Tokyo expressed hopes that communication with Washington would go on as normal, with one Japanese government official saying he was "very optimistic" Japan would be able to get along with Mr Bolton as he has many friends inside the Japanese government.
Professor Narushige Michishita at Tokyo's Graduate Institute for Policy Studies said Mr Bolton's toughness could present a hurdle in dealing with Pyongyang.
"The problem is that he doesn't have any flexibility. That is a negative concern that I have," Prof Michishita said.

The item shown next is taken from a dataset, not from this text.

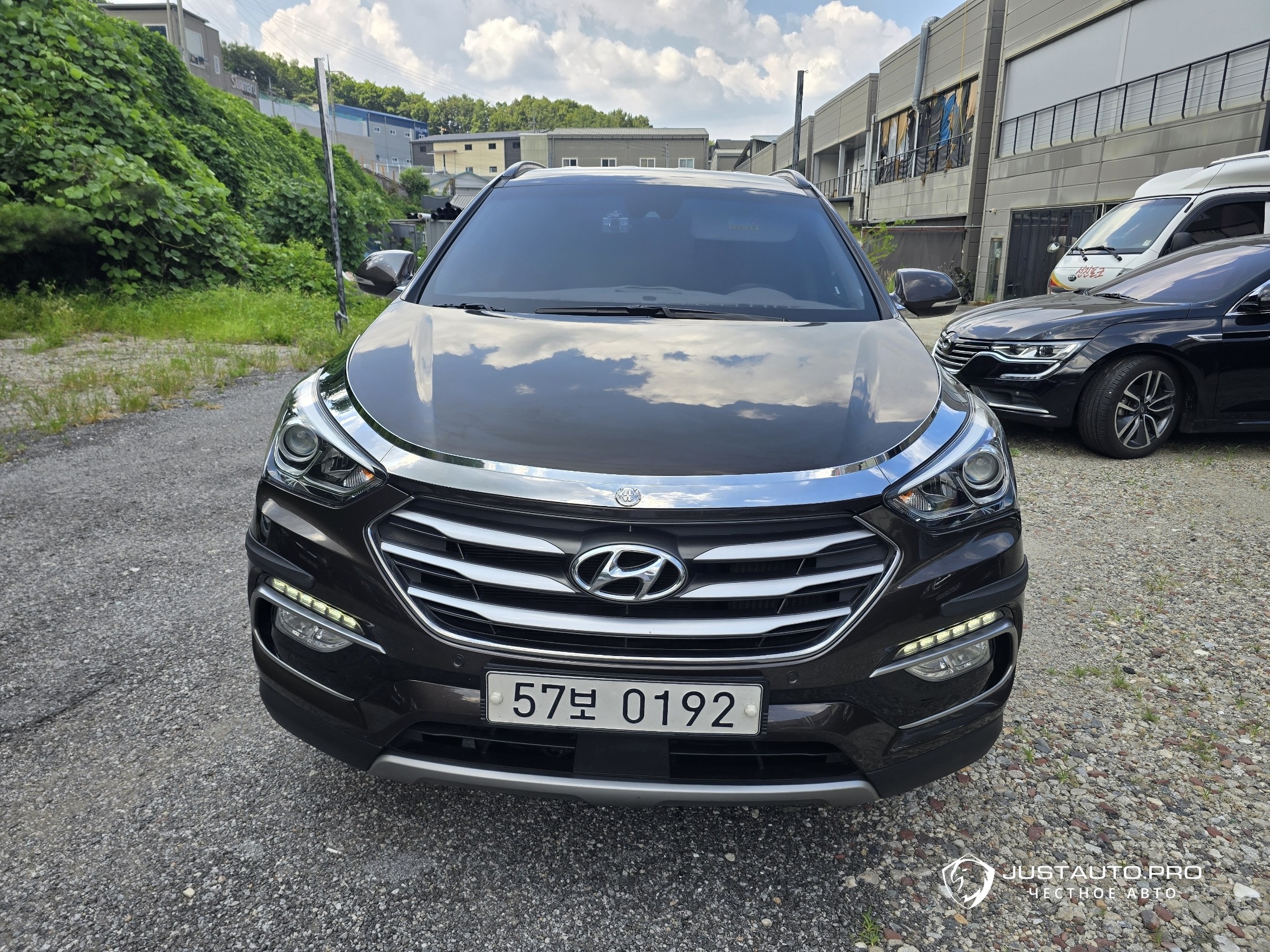 Автомобиль Hyundai Santafe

Incoming US national security adviser John Bolton has been an active presence on TV and on Twitter. His recent tweets give some insight on what he will bring to the White House.
ON NORTH KOREA
It's important to stand behind our South Korean allies, but if we pay heed to the lessons of history, talking to #NorthKorea would be fruitless.
ON FEB 13
We have a very limited amount of time left before #NorthKorea gains deliverable nuclear weapons. We've got to look at the very unattractive choice of using military force to deny them that capability.
ON JAN 11
The recent Russian presidential election was a chance for #Putin to practise election meddling on his own elections so he can do it better elsewhere. We need a long term strategy to deal with countries like #Russia and #China with long standing rulers.
ON MARCH 20
The #Nato alliance must have a very strong response to the poisoning of a former #Russian spy in Great Britain. I am sure that is under consideration by @POTUS and his administration.
ON MARCH 19
There needs to be a strategic response to Russia's new nuclear missiles to show our allies in Europe that we will not let #Russia push the US or its allies around.
ON MARCH 2
The US must strengthen its allies in Central and Eastern Europe through #Nato and ensure that there are effective countermeasures to the cyber war that Russia is engaging.
ON FEB 20
Washington and its allies do not need more #Russian adventurism in #MiddleEast, especially given the Moscow-Teheran-Damascus-Hezbollah axis.
ON JAN 24
The #Irannucleardeal was a strategic mistake in 2015. This deal needs to be abrogated and America must craft a new reality that reflects the actions of the Iranian regime.
ON JAN 29
If the Iranian opposition is prepared to take outside support, the US should provide it to them.
ON JAN 5
ON THE MIDDLE EAST
The Middle East peace process has long needed clarity and an injection of reality, and Trump has provided it by making the decision to move the US embassy in #Israel to #Jerusalem.